:: WORK INSTRUCTION ::
The reply should hold every line of the data, unchanged and complete.

:: LISTED ENTRIES ::
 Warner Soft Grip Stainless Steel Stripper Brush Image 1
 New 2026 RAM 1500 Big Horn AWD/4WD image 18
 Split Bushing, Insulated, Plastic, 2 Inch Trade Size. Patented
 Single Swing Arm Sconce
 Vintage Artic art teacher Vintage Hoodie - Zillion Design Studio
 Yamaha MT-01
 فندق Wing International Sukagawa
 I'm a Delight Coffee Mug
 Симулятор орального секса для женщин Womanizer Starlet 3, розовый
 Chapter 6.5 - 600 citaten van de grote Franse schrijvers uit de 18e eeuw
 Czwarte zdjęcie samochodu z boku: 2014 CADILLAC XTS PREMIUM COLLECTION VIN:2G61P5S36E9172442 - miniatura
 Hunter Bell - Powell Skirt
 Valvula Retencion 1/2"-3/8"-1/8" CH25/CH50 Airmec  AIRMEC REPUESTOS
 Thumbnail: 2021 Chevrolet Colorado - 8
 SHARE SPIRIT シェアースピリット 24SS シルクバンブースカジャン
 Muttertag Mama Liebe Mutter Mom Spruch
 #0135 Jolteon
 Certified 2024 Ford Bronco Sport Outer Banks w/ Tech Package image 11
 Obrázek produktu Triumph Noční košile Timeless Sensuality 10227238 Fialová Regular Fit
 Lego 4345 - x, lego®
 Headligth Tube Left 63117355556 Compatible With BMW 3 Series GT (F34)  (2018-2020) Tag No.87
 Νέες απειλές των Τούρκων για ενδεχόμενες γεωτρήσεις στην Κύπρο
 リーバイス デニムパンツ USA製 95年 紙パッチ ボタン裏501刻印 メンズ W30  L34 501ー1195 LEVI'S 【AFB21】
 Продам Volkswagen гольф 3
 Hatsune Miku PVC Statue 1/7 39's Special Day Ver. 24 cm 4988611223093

:: RESULT OF THE EXERCISE ::
 Warner Soft Grip Stainless Steel Stripper Brush Image 1
 New 2026 RAM 1500 Big Horn AWD/4WD image 18
 Split Bushing, Insulated, Plastic, 2 Inch Trade Size. Patented
 Single Swing Arm Sconce
 Vintage Artic art teacher Vintage Hoodie - Zillion Design Studio
 Yamaha MT-01
 فندق Wing International Sukagawa
 I'm a Delight Coffee Mug
 Симулятор орального секса для женщин Womanizer Starlet 3, розовый
 Chapter 6.5 - 600 citaten van de grote Franse schrijvers uit de 18e eeuw
 Czwarte zdjęcie samochodu z boku: 2014 CADILLAC XTS PREMIUM COLLECTION VIN:2G61P5S36E9172442 - miniatura
 Hunter Bell - Powell Skirt
 Valvula Retencion 1/2"-3/8"-1/8" CH25/CH50 Airmec  AIRMEC REPUESTOS
 Thumbnail: 2021 Chevrolet Colorado - 8
 SHARE SPIRIT シェアースピリット 24SS シルクバンブースカジャン
 Muttertag Mama Liebe Mutter Mom Spruch
 #0135 Jolteon
 Certified 2024 Ford Bronco Sport Outer Banks w/ Tech Package image 11
 Obrázek produktu Triumph Noční košile Timeless Sensuality 10227238 Fialová Regular Fit
 Lego 4345 - x, lego®
 Headligth Tube Left 63117355556 Compatible With BMW 3 Series GT (F34)  (2018-2020) Tag No.87
 Νέες απειλές των Τούρκων για ενδεχόμενες γεωτρήσεις στην Κύπρο
 リーバイス デニムパンツ USA製 95年 紙パッチ ボタン裏501刻印 メンズ W30  L34 501ー1195 LEVI'S 【AFB21】
 Продам Volkswagen гольф 3
 Hatsune Miku PVC Statue 1/7 39's Special Day Ver. 24 cm 4988611223093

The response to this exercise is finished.